*TASK OBJECTIVE*.
Could the lines from the line bearing "Fresh mullet fish prepared for cooking" to the end of the records below be copied exactly, with the pictures left out and no other lines added?

*AVAILABLE DATA*.
%%

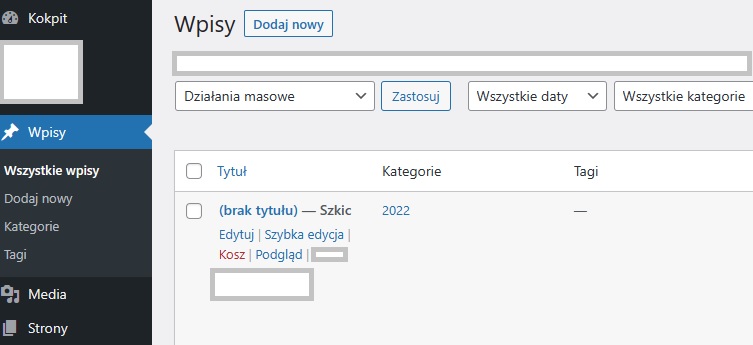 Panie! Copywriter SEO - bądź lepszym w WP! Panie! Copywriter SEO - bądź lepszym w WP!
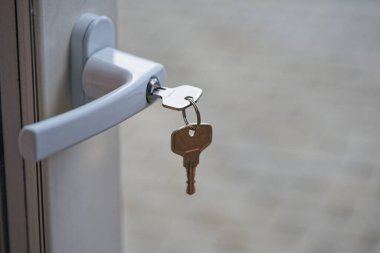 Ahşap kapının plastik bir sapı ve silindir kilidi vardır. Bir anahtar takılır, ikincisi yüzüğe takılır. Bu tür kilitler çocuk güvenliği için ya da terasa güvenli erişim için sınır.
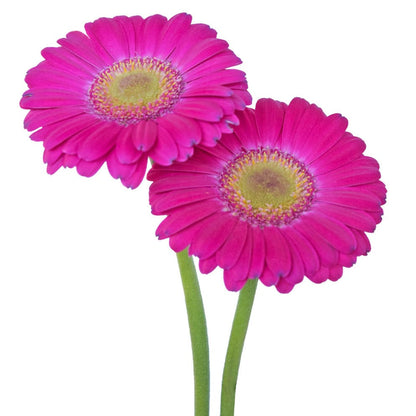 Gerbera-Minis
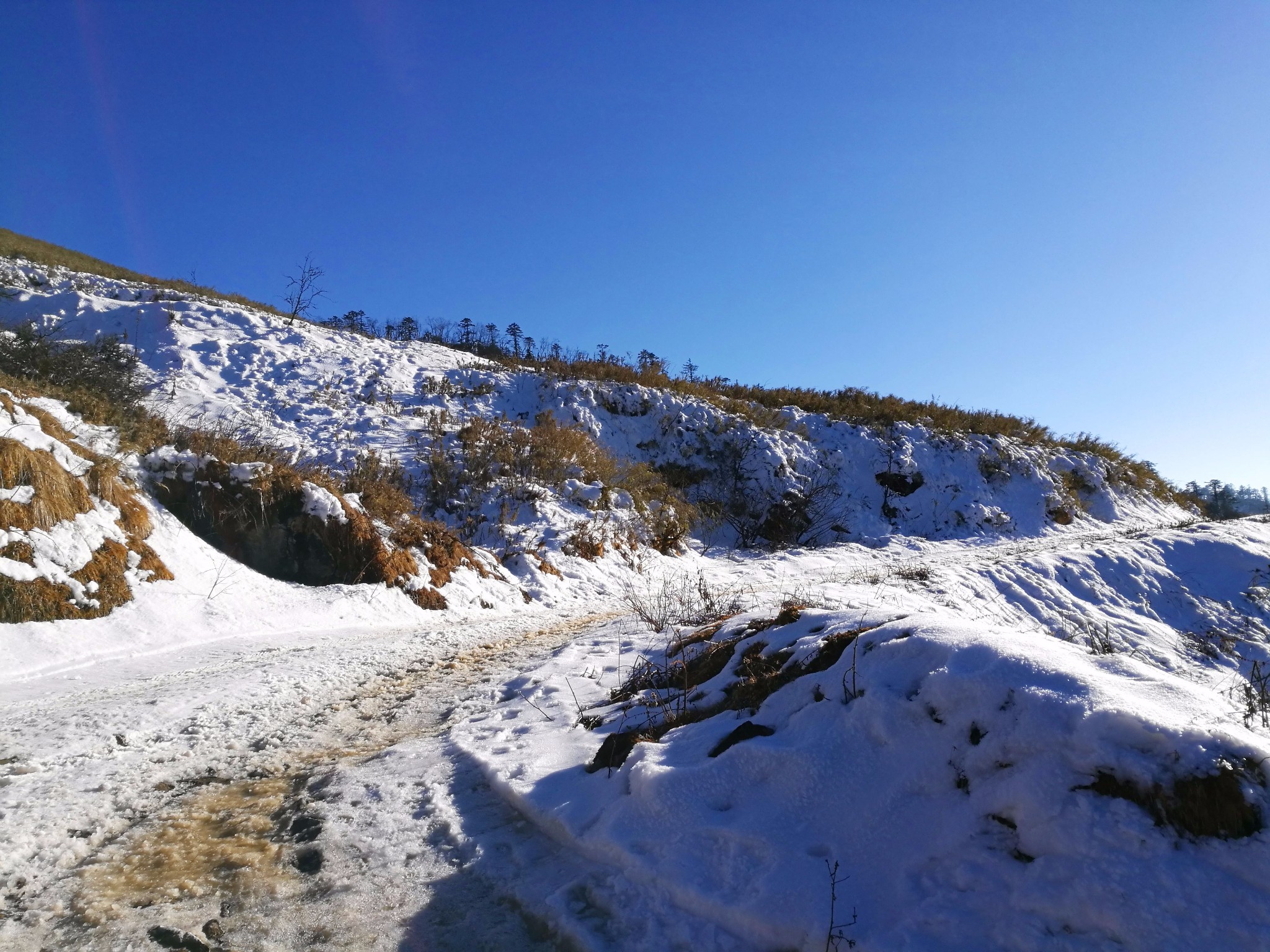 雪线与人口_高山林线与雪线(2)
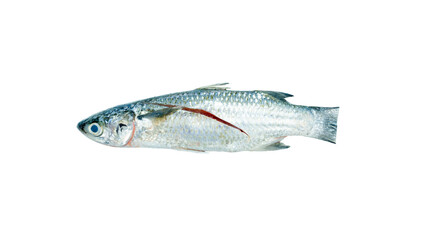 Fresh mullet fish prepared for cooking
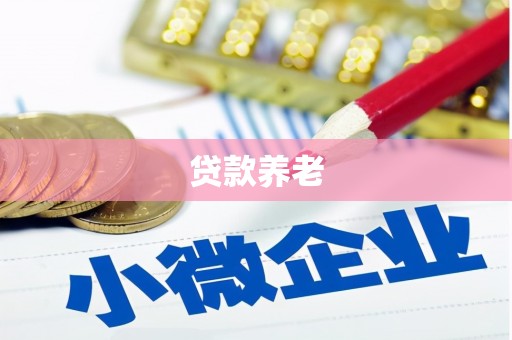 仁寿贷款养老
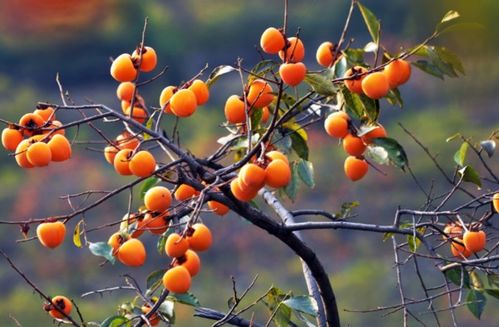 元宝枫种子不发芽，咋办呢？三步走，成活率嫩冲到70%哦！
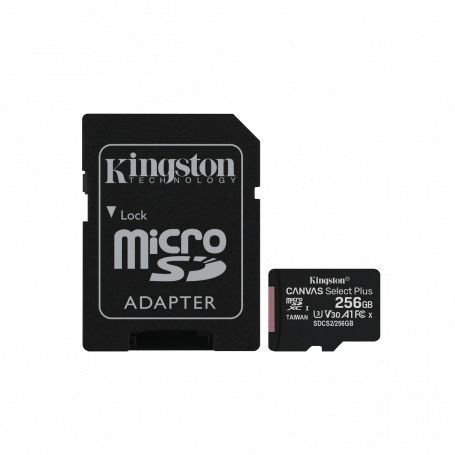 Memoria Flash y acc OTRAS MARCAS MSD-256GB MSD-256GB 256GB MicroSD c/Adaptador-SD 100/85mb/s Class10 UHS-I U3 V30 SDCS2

%%

*YOUR RESPONSE*.
 Fresh mullet fish prepared for cooking
 仁寿贷款养老
 元宝枫种子不发芽，咋办呢？三步走，成活率嫩冲到70%哦！
 Memoria Flash y acc OTRAS MARCAS MSD-256GB MSD-256GB 256GB MicroSD c/Adaptador-SD 100/85mb/s Class10 UHS-I U3 V30 SDCS2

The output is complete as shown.